They thus disagree less than it seems. According to Sripada, incest taboos are innate, which Prinz denies. But their accounts of the source of those taboos are much the same. Both accept the second Westermarck hypothesis, that incest taboos are by-products of incest aversion. Since incest aversion is liable to generate a taboo in any cultural environment, Sripada concludes that the taboo is innate. But Prinz suggests that incest aversion is not distinctively moral: "It may long predate the emergence of our species and … of morality" (379). If so, then the taboo is not innate in his sense.

Sripada takes his main challengers to be not non-nativists, but stronger nativists. Both he and Prinz take us on a whirlwind tour of cross-cultural variations in moral traits, designed to tell against a stronger nativism. (They have a common foe which is another reason it would be confusing to set Sripada against Prinz.) Both argue that, in Sripada's words, "There are certain high-level themes that one sees in the contents of moral norms in virtually all human groups -- themes such as harms, incest, helping and sharing, social justice, and group defense. However, the specific rules that fall under these themes exhibit enormous variability" (330). For Sripada, this shows that (only) the themes are innate, as the more specific rules are culturally idiosyncratic. For Prinz, the universality of the themes is due to the prevalence of the relevant nonmoral dispositions, so they don't support nativism.

Since both Sripada and Prinz aim to debunk nativist claims, one must turn to the respondents (Harman, Mikhail, and Dwyer) for a defense. Each makes a strong case, but Mikhail especially so. He cites striking evidence that "the moral competence of both adults and children exhibits [cross-culturally] many characteristics of a well-developed legal code, including abstract theories of crime, tort, contract, and agency" (354). For instance, "justifications and excuses [for killing] … are remarkably similar and consist of a finite list of familiar patterns: mistake of fact, necessity, self-defense, defense of others, duress, insanity, provocation, and a handful of others" (357). Of course, the details vary, but these are hardly 'high-level themes'.

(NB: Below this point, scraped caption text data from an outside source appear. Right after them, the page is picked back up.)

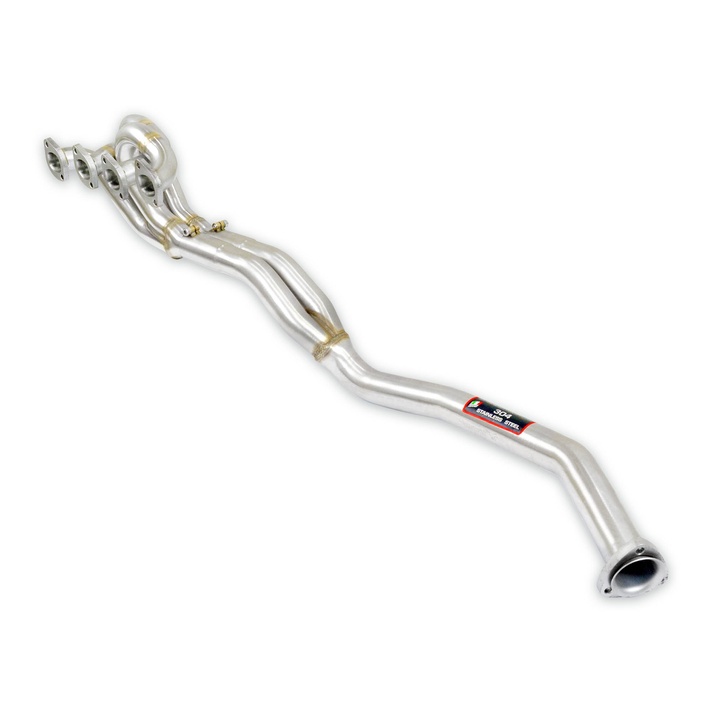 Bmw e21 320 320i m10 engine 4 cyl 75 83 exhaust system supersprint kit 08544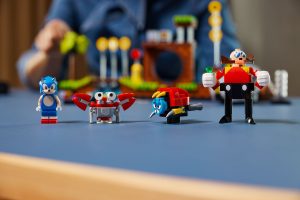 Sonic LEGO 2021
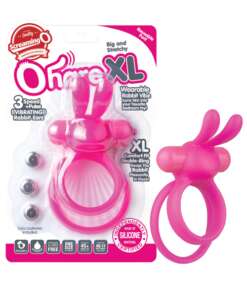 Screaming O Ohare XL - Pink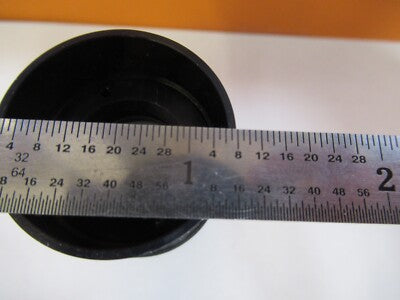 OPTICAL EYEPIECE OCULAR 14X COATED MICROSCOPE PART OPTICS AS PICTURED &8M-A-36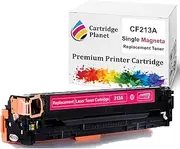 Cartridge Planet Magenta Compatible Toner Cartridge for HP 131A CF213A (1,800 Pages) for HP Laserjet Pro 200 Colour M251nw M276n M276nw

Evolutionary considerations play four different roles in this volume. First, in Lieberman and in Cosmides and Tooby, they direct our attention to patterns of behavior we wouldn't otherwise have noticed. In these papers, evolutionary considerations are relevant to what's innate. Unfortunately, Sripada and Prinz are a bit perfunctory when dealing with evolution. They give no detailed examination of the relevant evolutionary environment. Nor do they consider the advantages of genetic assimilation. Genetic assimilation, sometimes called 'the Baldwin effect', is the process whereby traits go from being learned to being innate. It occurs because, if a trait is regularly adaptive, it's more efficient and reliable for it to be innate than learned. This is relevant to the question of nativism because certain moral traits -- such as moral con-attitudes elicited by brutality, betrayal, hogging, and shirking -- were likely regularly adaptive in the evolutionary environment, and are also among those observational that data most strongly suggest are innate. This poses a challenge to Prinz: why wouldn't we have acquired innate con-attitudes to those behaviors? (For a nice introduction to genetic assimilation, see Evolution in Four Dimensions, Jablonka and Lamb, 285-292.)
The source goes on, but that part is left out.